Physiotherapie

Die Physiotherapie dient dem Erhalt oder der Wiederherstellung natürlicher Bewegungsabläufe. Die Therapie kann sowohl präventiv, als auch Teil einer behandlung oder Nachbehandlung sein.

Gemeinsam mit dem Physiotherapeuten absolviert der Patient ein individuelles Übungs oder Behandlungsprogramm, das Ihrem Gesundheitszustand dynamisch angepasst wird. Ziele der KG sind die Kräftigung der Muskulatur, Verbesserung von Gelenkbeweglichkeit sowie die Beseitigung von Fehlstellungen.

Physiotherapie

Die in unserer Praxis beschäftigten Physiotherapeutinnen Lea Müller und Daniela Kuborn bieten ein breites Spektrum physiotherapeutischer Leistungen. Hierzu gehören:

Die manuelle Therapie dient in der Medizin zur Behandlung von Funktionsstörungen des Bewegungsapparats (Gelenke, Muskeln und Nerven). Die manuelle Therapie ist eine Zusatzqualifikation, die durch eine Prüfung nachgewiesen werden muss und gleichbedeutend mit der Chirotherapie ist. Sie gilt als nichtinvasives schonendes Therapieverfahren.

Sie beinhaltet Untersuchung und Behandlungstechniken. In alternativmedizinischen Behandlungsformen darüber hinaus auch die Behandlung von vielfältigen Beschwerden anderer Körperregionen und generalisierter Befindungsstörungen.

Behandlungstechniken sind Mobilisationen, die von Physiotherapeuten und Ärzten ausgeführt werden dürfen. Manipulationen (im Volksmund „Knacken“) sind den Ärzten vorbehalten.

Die Reflexzonenmassage ist eine Behandlungsform, die in ihrer therapeutischen Ausprägung zu den alternativmedizinischen Behandlungsverfahren gezählt wird und die auch in der Wellnessbranche eingesetzt wird.

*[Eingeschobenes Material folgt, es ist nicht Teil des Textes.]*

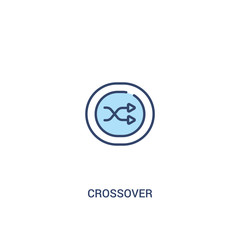 crossover concept 2 colored icon. simple line element illustration. outline blue crossover symbol. can be used for web and mobile ui/ux.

Die Fußreflexzonentherapie beruht auf der Vorstellung, dass der Fuß in Wechselbeziehung zum ganzen Körper steht. Die einzelnen Reflexzonen am Fuß sind dabei bestimmten Organen zugeordnet: Demnach ist es möglich, über die Massage der entsprechenden Fußreflexzone auf das jeweilige Organ therapeutisch einzuwirken – es also positiv zu beeinflussen und so Erkrankungen zu lindern.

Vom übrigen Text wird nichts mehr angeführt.